Sh!t-faced Shakespeare: Hamlet

‘A case of too many bartenders ruining the martini’

The slurring, bumbling franchise has been going for 15 years, taking the logical extreme of a drinking show to what must surely be its final, shrieking conclusion.

Now, it’s very easy for us critics to be snotty about the more boisterous forms lurking in the corners of theatreland. I am normally not that writer, loving burlesque, (some) naughty cabaret/strip shows. Also, these feel-good adrenaline shows cannot be ignored, as The Play That Goes Wrong, Plied and Prejudice and Choir of Man are doing very well for themselves. After decades of having Terence Rattigan and Tracy Letts slung at us, who would have thought that audiences actually wanted to see fun on stage?

This is, however, my second experience of the concept-where, if you are blissfully unaware, a classic musical (Oliver in my first case) or text is “performed”. The twist is that, on a rota (for safety), one performer downs many alcohols before the show, appearing hammered and attempting to finish the performance.

Hamlet is undeniably one of Shakespeare’s most churning, existential tragedies, so in theory a drunken person mullocking about should work quite well. Obviously nauseating purists (what doesn’t? ) but then, if you love the Bard, you would most likely avoid a show that puts the word sh!t in the same title. Two bars glow within the very auditorium (normally a comedy venue), so the blood alcohol levels are high, and the whoops and raucous chuckles at least propel the performers through the studied chaos of the concept.

I, however, on this rare occasion, was stone-cold sober. Painfully so. Straight out of the gate, I was not the target audience. Yet the attempted improvisational comedy and calculated/spontaneous harum-scarum were not hitting the spot for my drinking date either. Our drunkard, Princess Donnough, giggles, corpses, swears and changes some lines within the piece. I am no prude, and the bawdy humour, expletives, and chop-changing of accents and character weren’t really the issue. The issue is everything else swirling around the poor inebriate.
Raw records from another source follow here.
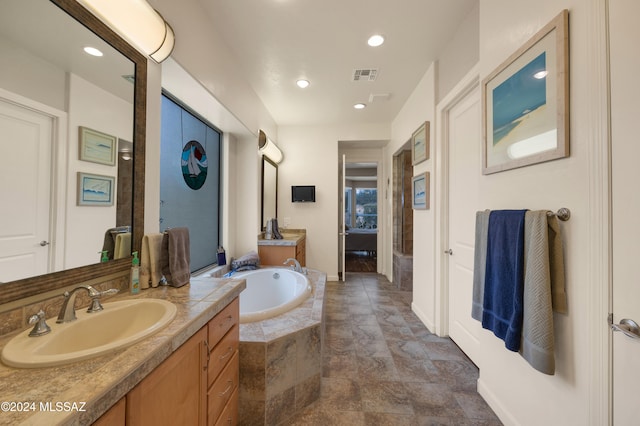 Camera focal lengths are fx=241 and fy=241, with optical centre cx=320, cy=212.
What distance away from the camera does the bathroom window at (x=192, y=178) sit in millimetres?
1986

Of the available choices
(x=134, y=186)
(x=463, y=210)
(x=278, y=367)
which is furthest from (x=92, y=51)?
(x=463, y=210)

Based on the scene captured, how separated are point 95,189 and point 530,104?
2.04m

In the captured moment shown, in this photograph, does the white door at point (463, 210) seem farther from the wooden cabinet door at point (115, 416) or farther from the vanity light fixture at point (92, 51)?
the vanity light fixture at point (92, 51)

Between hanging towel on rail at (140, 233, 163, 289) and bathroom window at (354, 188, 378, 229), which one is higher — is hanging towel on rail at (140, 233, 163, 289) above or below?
below

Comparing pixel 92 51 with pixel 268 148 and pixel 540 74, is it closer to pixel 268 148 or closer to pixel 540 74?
pixel 540 74

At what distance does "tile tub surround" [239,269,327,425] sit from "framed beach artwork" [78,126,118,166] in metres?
1.15

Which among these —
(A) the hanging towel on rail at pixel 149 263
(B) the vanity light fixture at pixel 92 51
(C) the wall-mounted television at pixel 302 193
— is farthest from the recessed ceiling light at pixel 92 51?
(C) the wall-mounted television at pixel 302 193

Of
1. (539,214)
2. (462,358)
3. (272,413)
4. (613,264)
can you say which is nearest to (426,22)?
(539,214)

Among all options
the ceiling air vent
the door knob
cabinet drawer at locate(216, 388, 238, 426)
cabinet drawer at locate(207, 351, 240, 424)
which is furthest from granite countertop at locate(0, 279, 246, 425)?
the ceiling air vent

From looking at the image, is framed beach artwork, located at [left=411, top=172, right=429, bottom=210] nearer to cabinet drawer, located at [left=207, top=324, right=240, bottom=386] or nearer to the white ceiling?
the white ceiling

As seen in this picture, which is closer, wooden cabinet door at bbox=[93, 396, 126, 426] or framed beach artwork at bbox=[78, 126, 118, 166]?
wooden cabinet door at bbox=[93, 396, 126, 426]

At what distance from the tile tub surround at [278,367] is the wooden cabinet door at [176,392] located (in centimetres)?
39

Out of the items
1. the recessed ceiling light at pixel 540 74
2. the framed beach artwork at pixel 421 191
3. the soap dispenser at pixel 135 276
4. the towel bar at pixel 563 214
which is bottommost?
the soap dispenser at pixel 135 276

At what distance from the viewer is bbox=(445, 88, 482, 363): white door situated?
74.4 inches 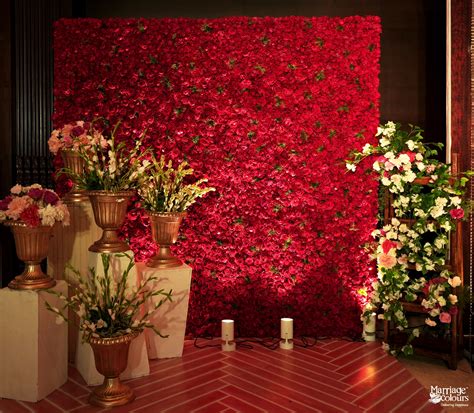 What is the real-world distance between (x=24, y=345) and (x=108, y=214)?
3.11 ft

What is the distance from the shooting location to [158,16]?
4.72 m

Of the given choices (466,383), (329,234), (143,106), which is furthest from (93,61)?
(466,383)

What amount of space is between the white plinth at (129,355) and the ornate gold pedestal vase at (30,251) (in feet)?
1.06

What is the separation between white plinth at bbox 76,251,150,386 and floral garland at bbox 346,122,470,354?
1.84 meters

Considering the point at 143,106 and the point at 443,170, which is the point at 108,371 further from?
the point at 443,170

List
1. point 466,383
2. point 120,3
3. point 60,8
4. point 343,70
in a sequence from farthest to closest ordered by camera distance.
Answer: point 120,3 < point 60,8 < point 343,70 < point 466,383

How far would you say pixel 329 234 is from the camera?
13.6 feet

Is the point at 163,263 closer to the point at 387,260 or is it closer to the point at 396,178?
the point at 387,260

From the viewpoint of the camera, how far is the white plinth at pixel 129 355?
3244 millimetres

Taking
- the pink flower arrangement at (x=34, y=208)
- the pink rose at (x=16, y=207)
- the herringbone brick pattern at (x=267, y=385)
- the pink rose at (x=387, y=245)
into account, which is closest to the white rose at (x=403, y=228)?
the pink rose at (x=387, y=245)

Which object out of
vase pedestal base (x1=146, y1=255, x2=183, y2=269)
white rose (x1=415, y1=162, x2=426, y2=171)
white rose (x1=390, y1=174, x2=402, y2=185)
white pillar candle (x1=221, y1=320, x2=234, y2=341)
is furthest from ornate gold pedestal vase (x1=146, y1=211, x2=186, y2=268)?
white rose (x1=415, y1=162, x2=426, y2=171)

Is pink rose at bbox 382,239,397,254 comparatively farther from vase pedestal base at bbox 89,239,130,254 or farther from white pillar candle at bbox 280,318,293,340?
vase pedestal base at bbox 89,239,130,254

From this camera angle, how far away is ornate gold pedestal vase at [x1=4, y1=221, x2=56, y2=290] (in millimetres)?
3068

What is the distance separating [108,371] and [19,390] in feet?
1.99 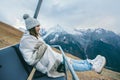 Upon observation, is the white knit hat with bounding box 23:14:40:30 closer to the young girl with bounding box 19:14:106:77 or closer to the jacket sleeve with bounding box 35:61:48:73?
the young girl with bounding box 19:14:106:77

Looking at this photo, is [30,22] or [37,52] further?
[30,22]

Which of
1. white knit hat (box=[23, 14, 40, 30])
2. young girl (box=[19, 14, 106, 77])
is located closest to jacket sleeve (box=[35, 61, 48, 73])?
young girl (box=[19, 14, 106, 77])

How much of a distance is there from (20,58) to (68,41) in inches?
6130

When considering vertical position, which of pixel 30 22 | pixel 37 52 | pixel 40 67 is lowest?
pixel 40 67

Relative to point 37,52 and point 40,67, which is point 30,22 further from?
point 40,67

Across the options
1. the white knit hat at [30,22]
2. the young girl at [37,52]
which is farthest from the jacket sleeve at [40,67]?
the white knit hat at [30,22]

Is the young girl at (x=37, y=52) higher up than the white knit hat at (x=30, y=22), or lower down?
lower down

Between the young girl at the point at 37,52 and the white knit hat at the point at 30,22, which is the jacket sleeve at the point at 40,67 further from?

Stacey Norris’s direction can’t seem to work out where the rest of the play sits. Are they aiming for a serious performance of Shakespeare interrupted by a devilish spirit (wanted to use that one all review), or a comically rubbish production where everyone pitches in for a chance to be the comedian? Britian’s favourite stand-it bear-baiting; audience participation, modern music and dance sections only muddy the waters further. At points, it’s difficult to know who the truly mullered actor is, as everyone onstage crowds in to show off their improvisational skill-a serious case of too many bartenders ruining the martini.

Comedy, like singing, acting or flirting, should look effortless-and all the horns, bells, buckets and booze here are the epitome of effort, desperately trying to make you laugh. What is aimed for is an orgy of bad behaviour that disappointingly descends into bad theatre as quickly as one can go from happy to weeping intoxication. Maybe it’s time to put down the bottle and pick up the matcha?